The remaining bundles add depth to the collection, and are useful regardless of an individual library’s geographical location.

Besides the content, Genealogy Connect is noteworthy for its powerful platform. For instance, it can search across all titles (or at least all titles in the combination of bundles a library has purchased). The researcher who is savvy technologically can access several useful options, including the ability to view an article right from the list of articles, can save the article, format it as a pdf, or email the article. When selecting an article to view, the researcher can have the article read to him or her and can download the article as an mp3 file. In addition, there is a language interface to thirty-eight foreign languages, as well as machine and text-to-speech translations into thirteen. And did I mention that, best of all, Genealogy Connect is available to library-card holders remotely from their homes, offices, or while on a research trip?

I conducted a very basic search for the word “Barkley,” across all 579 titles, and identified 261 articles including ship names, biographical entries, muster and militia records, lineage information, and state and vital records, among just a few. If I limited my search to Barkleys in Maryland, the number of articles was reduced to just eighteen.

I also searched for my eighth great-grandfather, Deacon Samuel Chapin, from whom I descend through my maternal grandmother, Mildred C. (Abbe) Smith. I had done very little earlier research concerning this individual. My files included only Samuel’s approximate birth date; the approximate date of his freeman’s oath in Boston, Massachusetts; his wife’s first name; the names of seven children, with birth or baptismal dates for just two of them; the approximate date of his move to Springfield, Massachusetts, where he was one of the original founders; and his death date.  My basic search for “Samuel Chapin” in Genealogy Connect identified 478 articles. Looking at just two articles, I was able to add Samuel’s exact birth date and location in England; the names of his mother and father; his date of marriage; his wife’s maiden name and the name of her father; marriage records; and baptismal dates and locations for ten children. In addition, a possible grandfather’s name was provided, as well as lineages for this grandfather and for Samuel’s father, Samuel, himself, and two of his sons. While I have not yet reviewed all 478 articles, I will probably limit my search by geographical location to eliminate less relevant entries. For example, by adding Springfield as a limit, I reduced the number of articles to 184, and by adding Massachusetts as a further limit, I reduced that number to 56. If I wanted only articles mentioning Samuel’s son, Japhet, the number was further reduced to nine.

In a very short time, I added a variety of useful information about Samuel and his immediate family to my working files. Clearly, however, as the information was found in compiled or extracted record collections, I will need to pursue these clues and locate the sources of the original records. As I descend through two of Samuel’s sons, I have added this work to my list of research projects.

In summary, Genealogy Connect focuses on a period of American history that predates the keeping of many public records while also providing material from later time periods. Much of its contents are written by experts in their respective fields, and the majority of titles offered are unique, with very little overlay with or HeritageQuest. Gale/Cengage Learning has added value to the content with indexing and retrievability.

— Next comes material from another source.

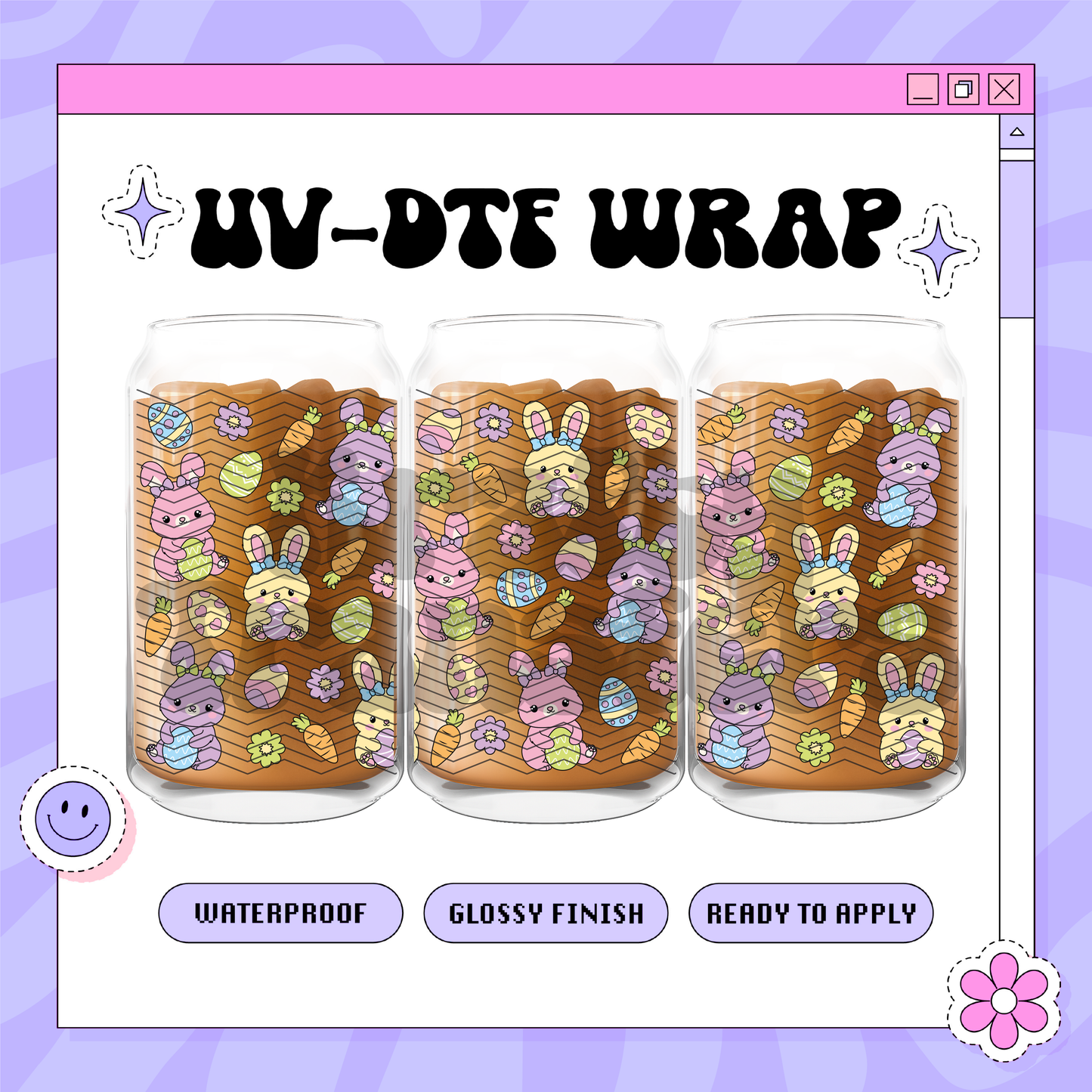 Easter Bunnies - 16oz Glass Wrap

This online resource may not yet be available in your local library, so recommend it to the librarians there! They can request a trial subscription by visiting the Gale/Cengage Learning site. In addition, an archived webinar presented to interested librarians on 26 February 2013, Engage your Genealogists and Enrich Their Stories -20130226 1836-1, is available for your listening and viewing enjoyment. The webinar runs 44 minutes (Although the first few minutes are missing from the recording, you will not miss much information and will still be able to view the live demonstration).

Genealogy Connect, whether subscribed to in its entirety, or in a combination of its various bundles, would be a crucial, well-used addition to any library’s online resources.